> **Work item**
Would you print the data below exactly, leaving out every picture?

> **Data to use**
========
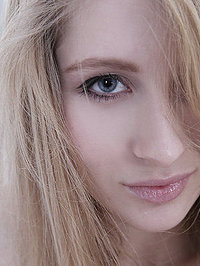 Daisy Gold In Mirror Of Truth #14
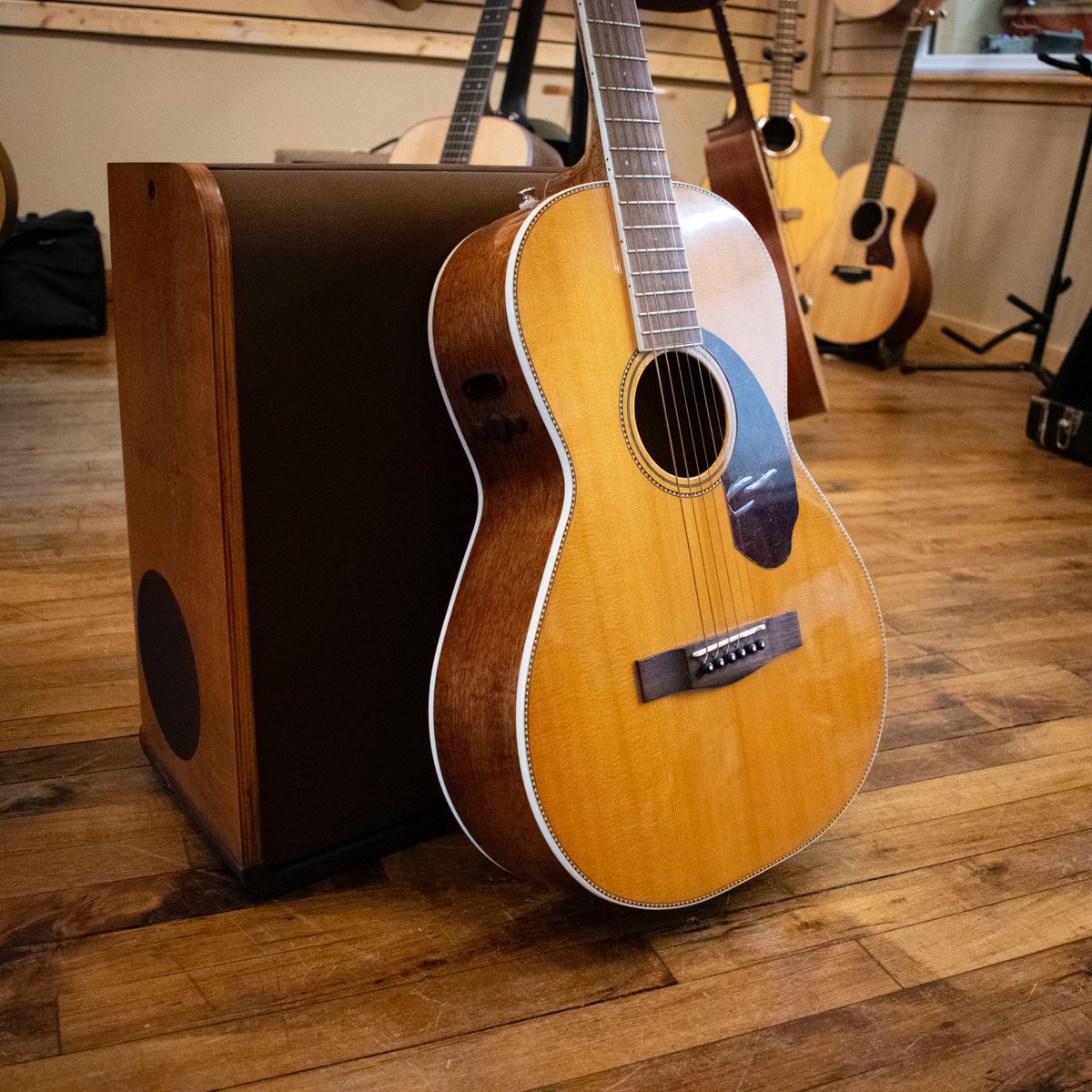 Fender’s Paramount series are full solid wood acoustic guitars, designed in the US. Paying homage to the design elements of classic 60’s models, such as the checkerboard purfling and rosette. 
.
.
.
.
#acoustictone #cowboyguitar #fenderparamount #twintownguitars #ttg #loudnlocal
========
> **Answer for this exercise**
 Daisy Gold In Mirror Of Truth #14
 Fender’s Paramount series are full solid wood acoustic guitars, designed in the US. Paying homage to the design elements of classic 60’s models, such as the checkerboard purfling and rosette. 
.
.
.
.
#acoustictone #cowboyguitar #fenderparamount #twintownguitars #ttg #loudnlocal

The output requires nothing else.